Differential diagnosis is carried out with urogenital tuberculosis, kidney cysts, hydronephrotic transformation. Papillary necrosis with X-ray examination methods has a similar picture with tubulomedullary dysplasia. With pyelonephritis, the cups are moderately expanded, rounded, and their necks are narrowed.
Treatment
The asymptomatic course of the anomaly does not require therapy. If concomitant pathology is detected (exacerbation of pyelonephritis, nephrolithiasis with impaired passage of urine), hospitalization in a urological or nephrological hospital is possible. The tactics of managing a patient with megacalicosis are as follows:
- Treatment of complications. Prescribe antibiotics, uroseptics, taking into account sensitivity, litholytic drugs for dissolving microliths. The patient is recommended to adhere to a diet with the exception of spicy, salty dishes, extractive broths. The elimination of pathogens is facilitated by an enhanced drinking regime, therefore, herbal preparations, decoctions of diuretic herbs are used for greater diuresis.

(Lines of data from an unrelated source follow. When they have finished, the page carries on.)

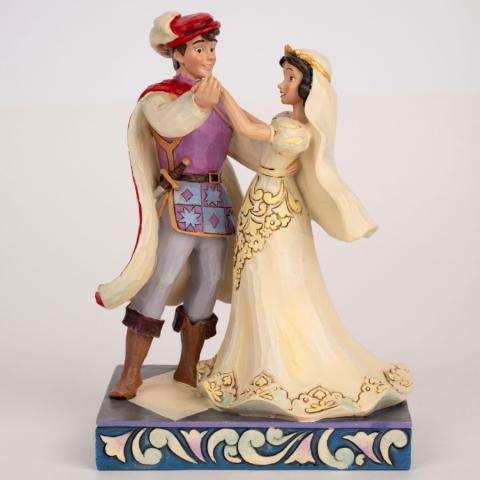 Snow White and Prince 'The First Dance' Figurine (2017)  - ID: 045544904506 Disneyana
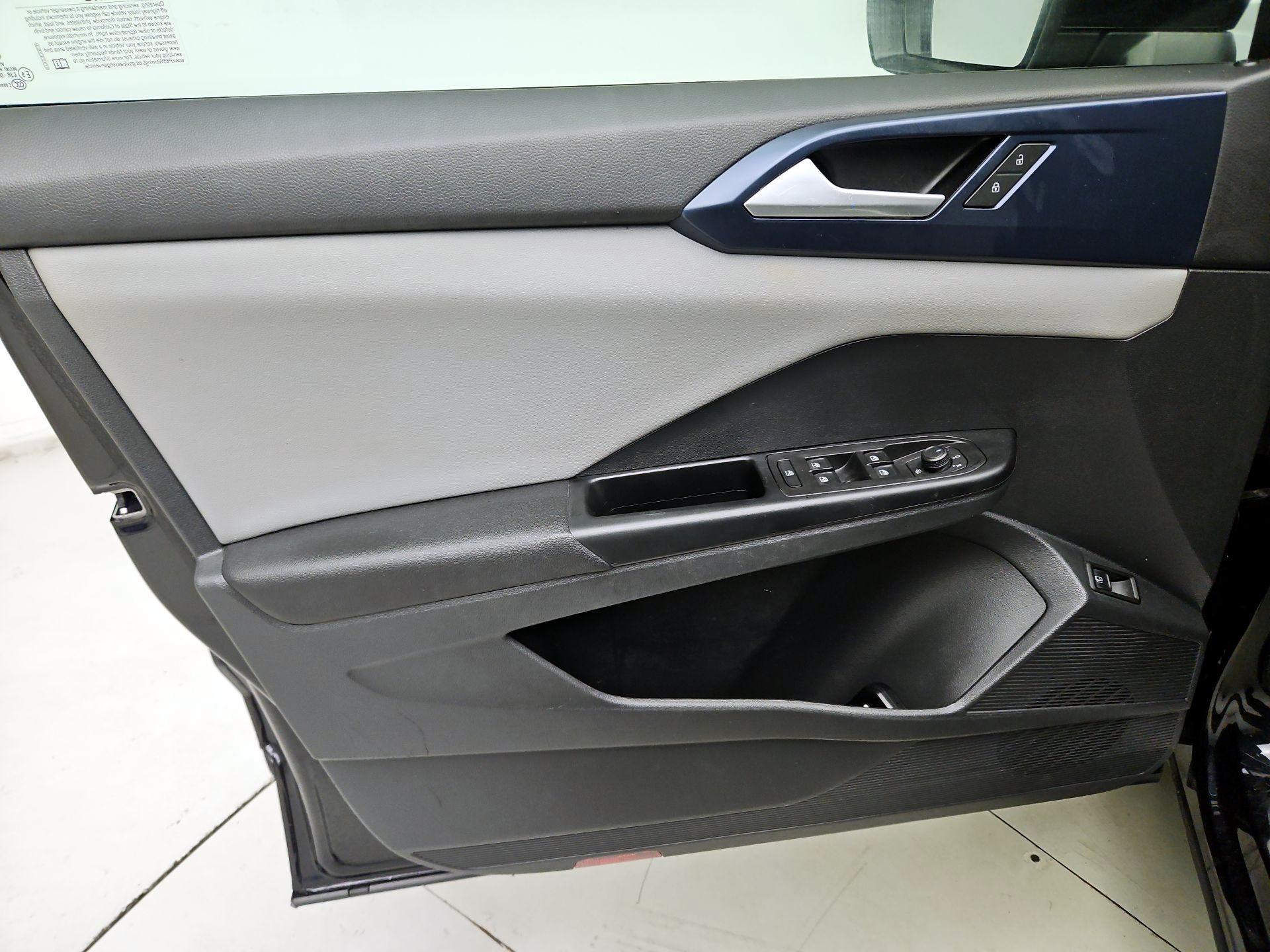 Thumbnail: 2023 Volkswagen Taos - 12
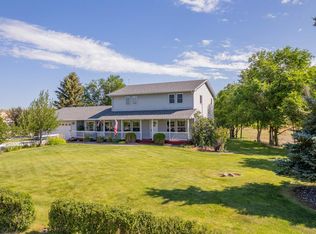 14 Beacon Dr, Cody, WY 82414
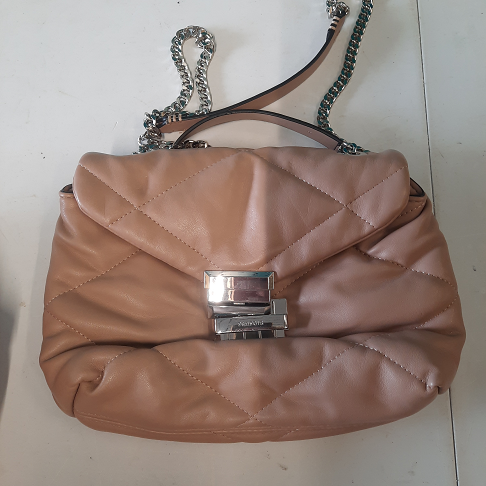 Sac parfois rose:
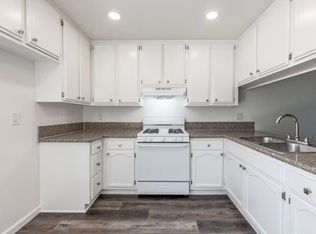 Lakewood Gardens, Lakewood, CA 90715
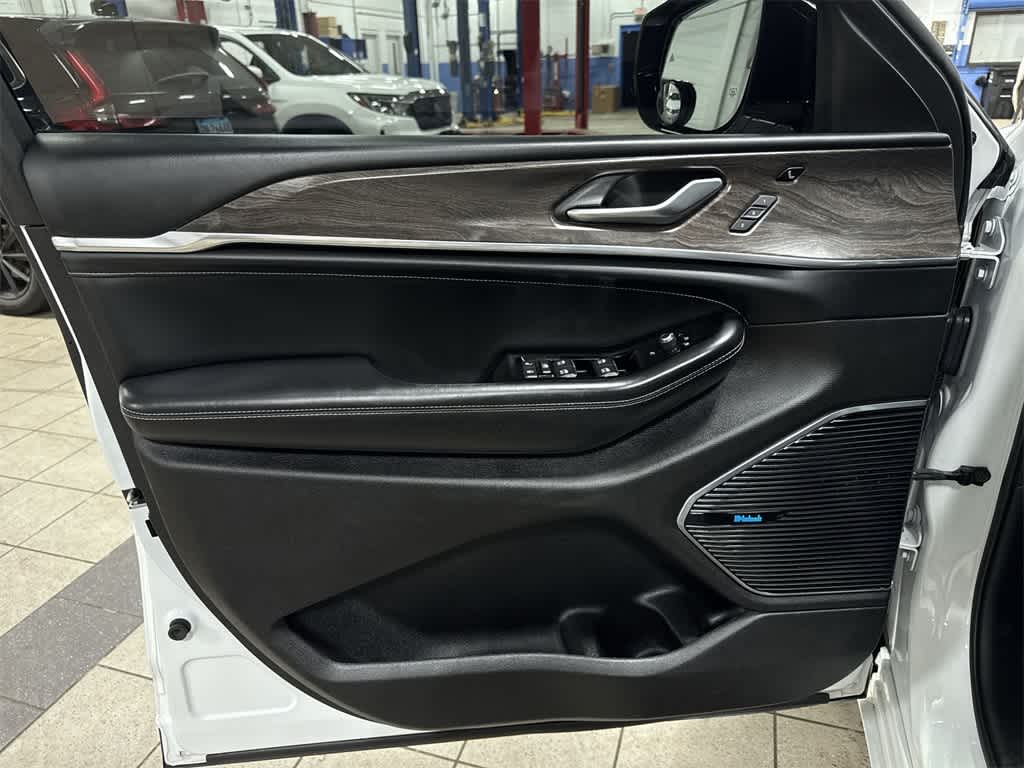 Jeep Grand Cherokee L Overland 2021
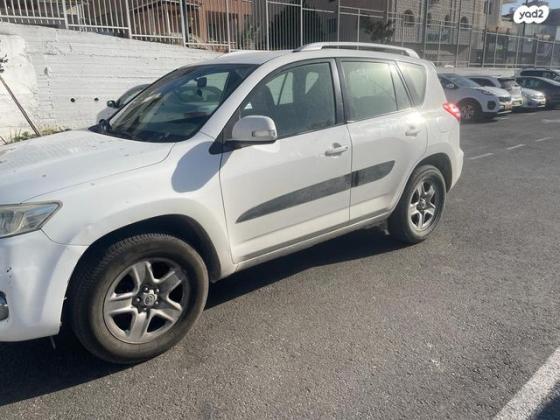 טויוטה RAV4 ארוך 4X4 GLI אוט' 2.0 (158 כ''ס) בנזין 2011 למכירה באום אל פחם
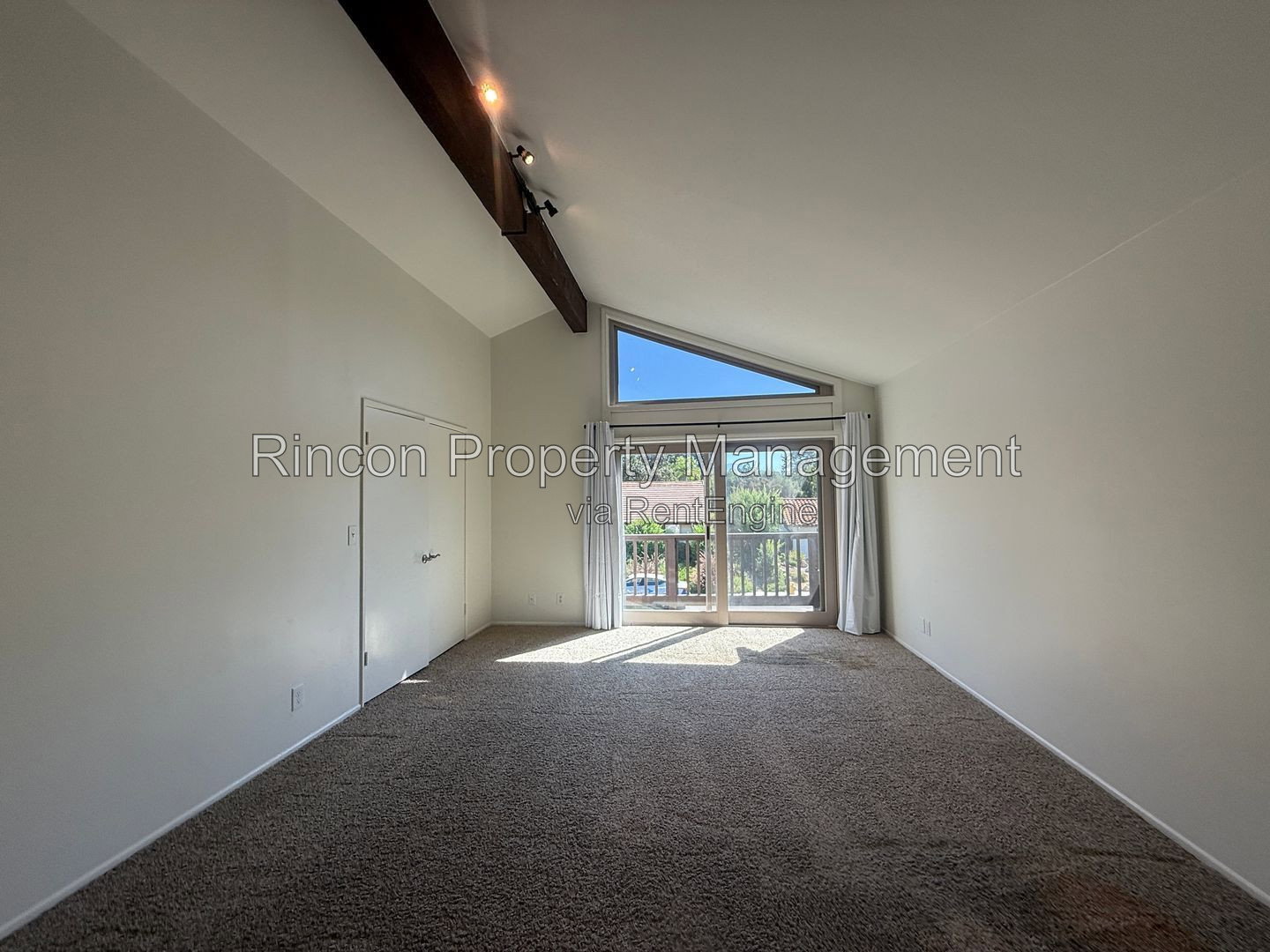 Gallery Image 19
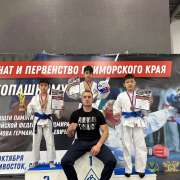 Ученики 5м4 класса МЛШ братья Джамал и Акмал Дустиевы - взяли «золото» и «серебро» на Чемпионате и Первенстве Приморского края по рукопашному бою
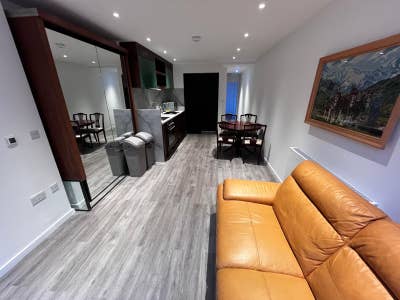 Fab Large Room Available Now !!! Main Photo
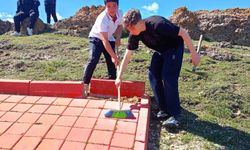 Seyitömer Ortaokulu'ndan 23 Nisan'a özel anlamlı bir etkinlik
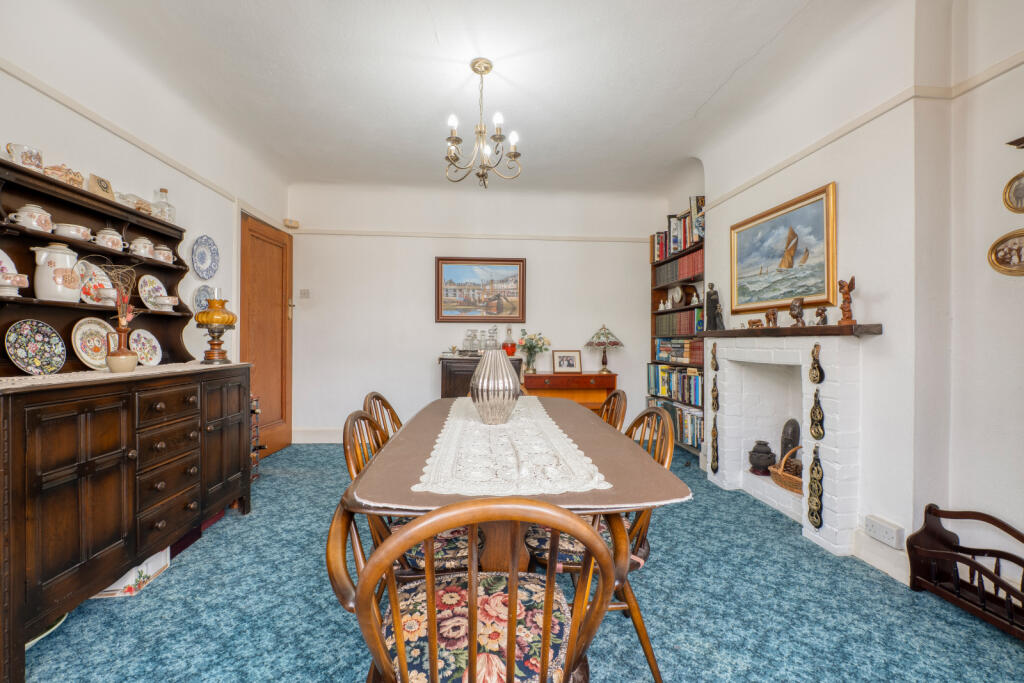 House in Kingston upon Thames - More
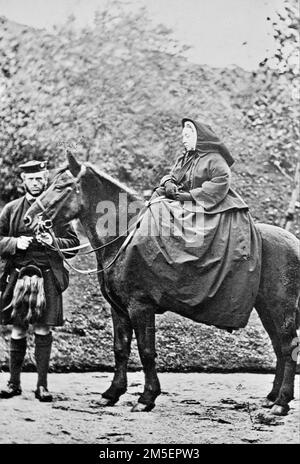 QUEEN VICTORIA (1819-1901) mit ihrem Diener John Brown im Balmoral vom schottischen Fotografen George Wilson schottischer Fotograf - 1863 Stockfoto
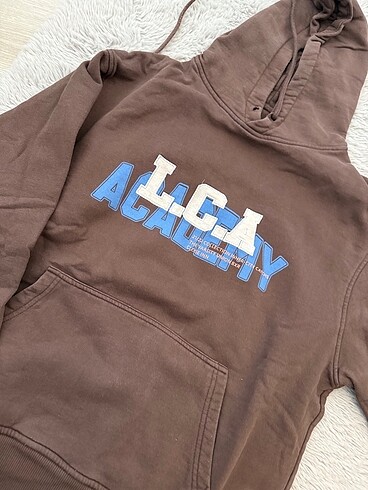 Kahverengi sweatshirt
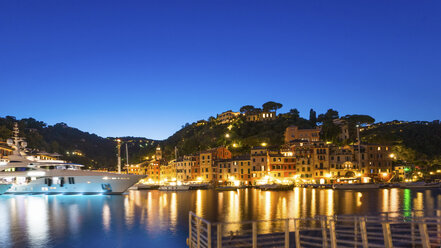 Italien, Portofino zur blauen Stunde - PUF000532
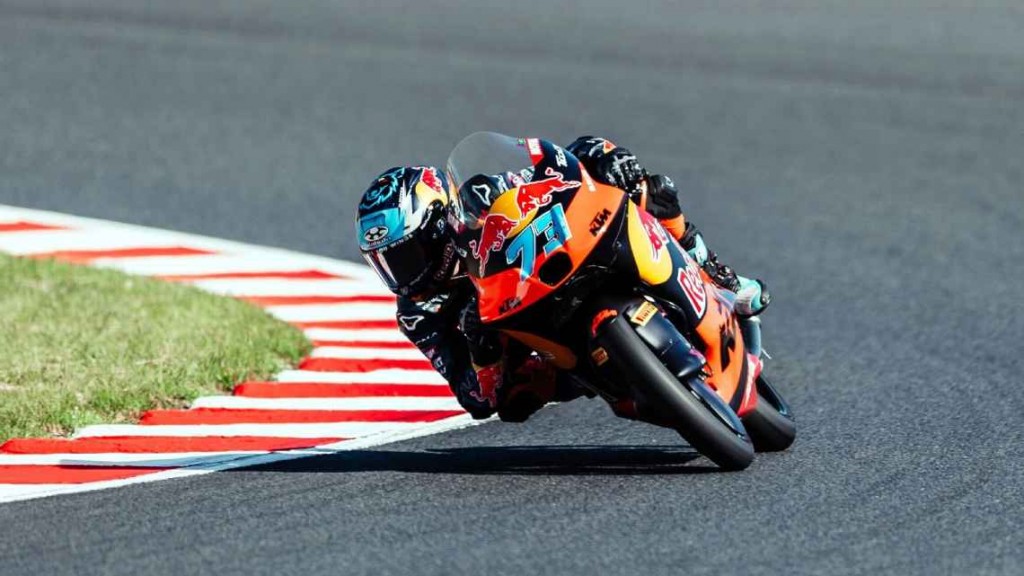 Valentín Perrone volvió a brillar en Moto3 con un cuarto puesto en Japón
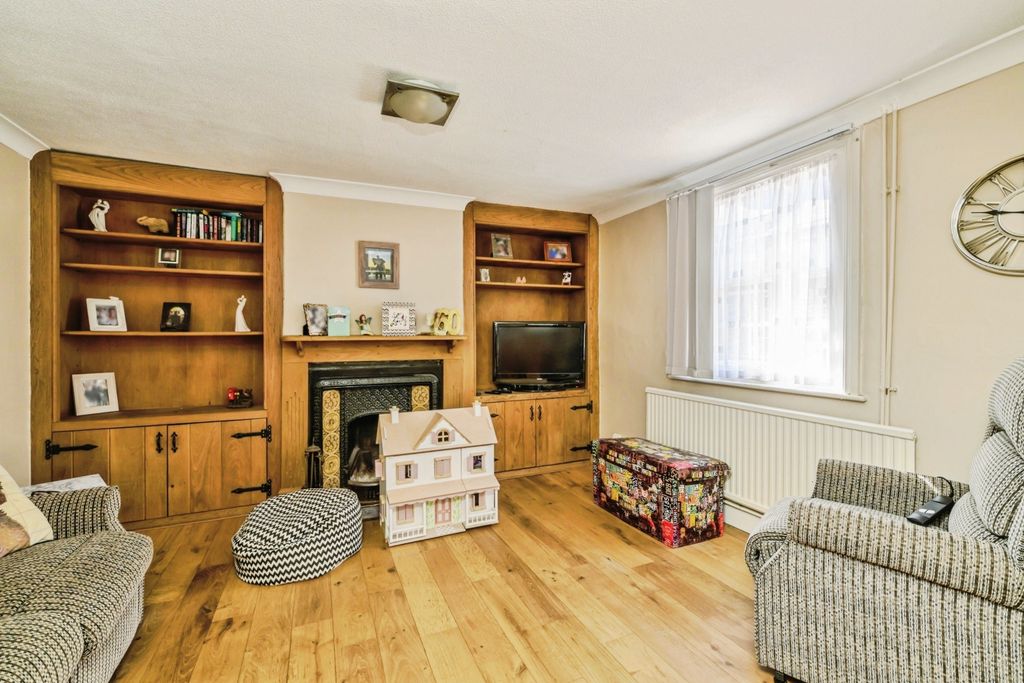 Property photo 2 of 9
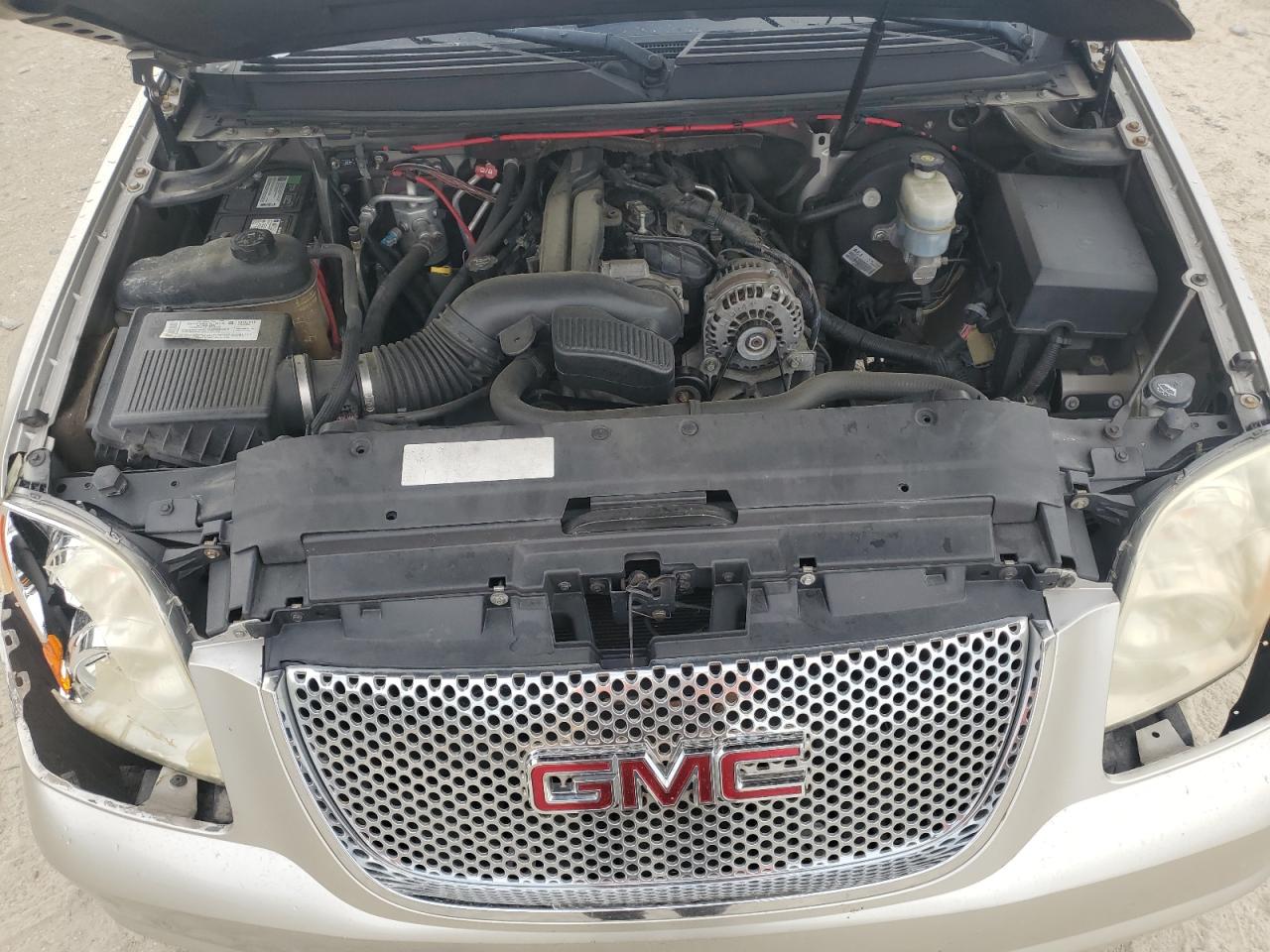 2008 GMC Yukon Xl K1500 VIN: 1GKFK16318J246741 Lot: 63254585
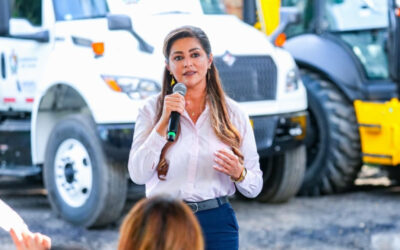 Adriana responde a ataques en redes y mantiene su postura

- Dynamic observation. Patients with megacalicosis are registered with a nephrologist, take tests 2 times a year (OAM, UAC, urea and creatinine), undergo ultrasound of the kidneys. According to the results of the examination, the doctor can send for inpatient treatment: conservative with exacerbation of concomitant pyelonephritis or operative – to remove the concretion from the kidney. Planned intervention is more often performed by minimally invasive methods – CT (contact ureterolithotripsy), remote nephrolithotripsy, etc.
Prognosis and prevention
The prognosis for life is favorable, since uncomplicated megacalicosis does not lead to impaired kidney function. The outcome of the combined pathology depends on the severity of the concomitant disease, the timeliness and adequacy of therapy, the state of the immune status. Preventive measures to prevent megacalicosis have not been developed, but it has been proven that the frequency of birth defects in children is higher if the mother abused alcohol, drugs or was exposed to any teratogenic effects during gestation. All patients with detected megacalicosis should be regularly monitored by specialized specialists for the prevention of complications and their treatment.